On Tuesday, August 30, 2011 03:44:33 Stephan Soller wrote:
> On 27.08.2011 19:16, Benjamin Thaut wrote:
> > After having used the D 2.0 programming language for a year now and
> > having completed 3 projects with it, I wrote a small article about the
> > problems I had with the D 2.0 programming language and what suggestions
> > I have to improve it.
> > 
> > http://3d.benjamin-thaut.de/?p=18
> > 
> > Comments and criticism welcome
> 
> As for point no. 3 (Structs not having identity):
> 
> Structs have a postblit constructor. These have access to the new struct
> but not the old one. Maybe you can use this to register a new reference.
> If I remember this right the old reference should be cleaned up
> (unregistered) by the destructor but I'm not sure. You article implies
> that the destructor is not called for every copy of the struct.

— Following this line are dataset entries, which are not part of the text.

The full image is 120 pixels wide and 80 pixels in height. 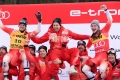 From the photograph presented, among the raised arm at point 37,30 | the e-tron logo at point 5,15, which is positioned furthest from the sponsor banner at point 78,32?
the e-tron logo at point 5,15

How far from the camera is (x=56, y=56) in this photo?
4.80m

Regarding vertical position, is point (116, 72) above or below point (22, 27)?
below

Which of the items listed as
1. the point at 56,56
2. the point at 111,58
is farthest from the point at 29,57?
the point at 111,58

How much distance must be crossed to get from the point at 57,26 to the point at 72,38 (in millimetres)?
273

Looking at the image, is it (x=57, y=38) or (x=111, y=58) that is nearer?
(x=111, y=58)

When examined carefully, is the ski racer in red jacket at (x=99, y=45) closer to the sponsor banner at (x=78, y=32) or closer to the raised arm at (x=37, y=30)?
the sponsor banner at (x=78, y=32)

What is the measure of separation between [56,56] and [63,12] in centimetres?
64

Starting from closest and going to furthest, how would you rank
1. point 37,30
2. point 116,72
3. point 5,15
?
point 116,72 → point 37,30 → point 5,15

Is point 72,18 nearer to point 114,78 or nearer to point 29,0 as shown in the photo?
point 114,78

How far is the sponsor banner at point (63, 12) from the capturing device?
190 inches

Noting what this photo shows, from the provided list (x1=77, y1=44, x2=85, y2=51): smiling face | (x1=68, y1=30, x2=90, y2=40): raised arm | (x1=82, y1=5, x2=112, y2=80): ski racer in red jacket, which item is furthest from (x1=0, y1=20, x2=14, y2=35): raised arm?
(x1=82, y1=5, x2=112, y2=80): ski racer in red jacket

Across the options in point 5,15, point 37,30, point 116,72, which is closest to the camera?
point 116,72

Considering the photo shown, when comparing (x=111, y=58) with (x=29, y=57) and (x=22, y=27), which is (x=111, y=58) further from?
(x=22, y=27)

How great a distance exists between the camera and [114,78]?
4.69 metres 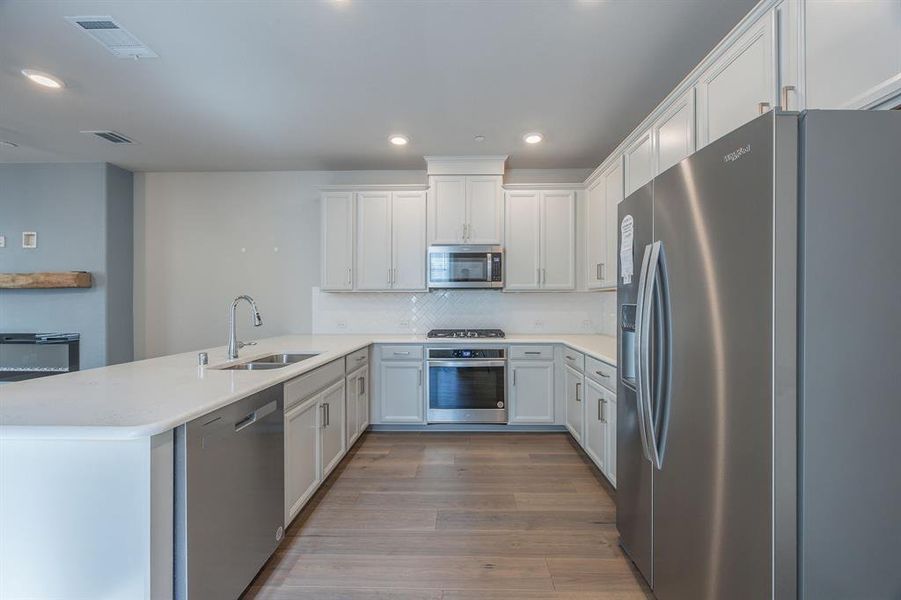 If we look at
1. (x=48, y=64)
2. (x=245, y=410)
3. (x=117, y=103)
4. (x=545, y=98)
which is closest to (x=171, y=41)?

It's not called on _moves_. In a number of cases, the compiler moves a struct 
via a bitwise copy rather than actually copying it (which would involve 
calling the postblit constructor and the destructor). When that happens, the 
address of the struct changes. And since he was doing something where he was 
keeping track of the structs based on their addresses on the stack, it messed 
up his tracking. So, he can't really do what he's trying to do the way that 
he's trying to do it.

> Point no. 8, "No function overloading with template parameters":
> 
> Got the same problem while templating some functions of an overload set.
> It's not possible to mix overloads with templates. That wasn't much of a
> problem but converting everything to templates doesn't work ether. In
> the end I used templates that generate normal function overloads and
> explicitly instantiated those templates.

You can often add empty parens to templatize a function  - e.g. int func()(int 
i) - to get around the problem without really changing your function. But it's 
definitely true that allowing overloads between templatized and non-templatized 
functions would be an improvement. Hopefully, we get it at some point.